Has your system equilibrated? I find that whenever I’ve tried applying force to a carbon sheet to mimic pressure, the carbon sheets’ separation fluctuates wildly – I attribute that to carbon being “too light”. A poorly compressible system will throw out big pressure waves en route to equilibration, especially if started from an improperly small or large initial volume, and a piston with too little density like carbon will fluctuate in response, often too much for a typical MD box to handle.
(Or maybe I’ve just been doing it wrong all this while?)
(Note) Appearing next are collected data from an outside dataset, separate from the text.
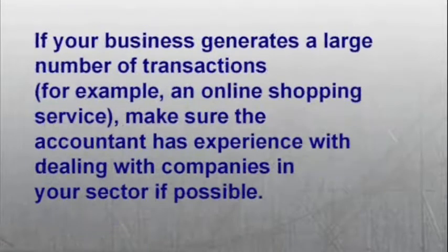Number three: if your business generates a large number of transactions — for example, an online shopping service — make sure the accountant has experience dealing with companies in your sector if possible.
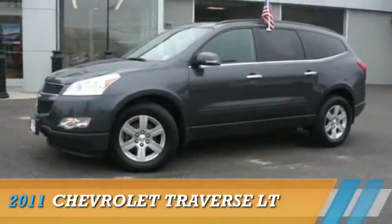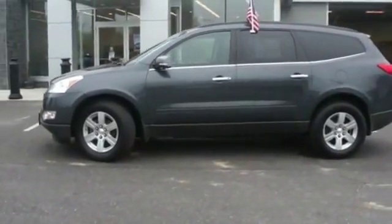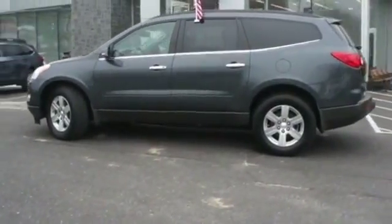Presenting the 2011 Chevrolet Traverse, powered by all-wheel drive, a 3.6-liter six-cylinder engine, and an automatic transmission.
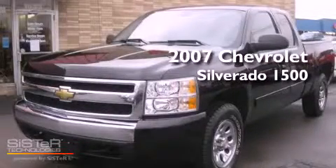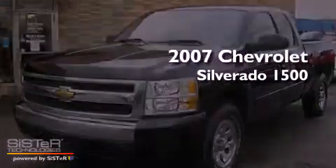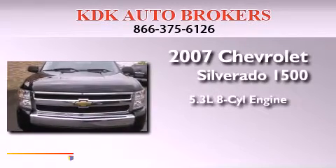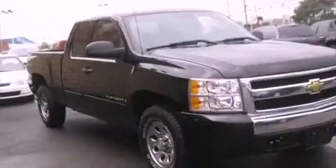This is a 2007 Chevrolet Silverado 1500. It features a 5.3-liter eight-cylinder engine, an automatic transmission, and four-wheel drive.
In your position I would start simple: run a “constant volume” simulation by completely not integrating the wall particles; track the density profile of the water across the system using some fix ave/chunk
; if the water density right in the middle of the polymer-free zone is correct (1 g/cc) and the water density permeating into the polymer is stable over time, then you at least have a baseline for attempting barostatted simulations. You can even estimate the pressure on the walls using compute group/group
between (for example) the left wall and all non-wall atoms; the average total wall force will be the effective pressure, times cross-sectional area.
Alternatively, use fix langevin
with a very high friction coefficient to damp the graphene walls’ vibrations, instead of whatever thermostat you currently use. How high? High enough to get the “correct answer”. What’s the correct answer? I wouldn’t know, but the constant volume simulations would give you at least some clue.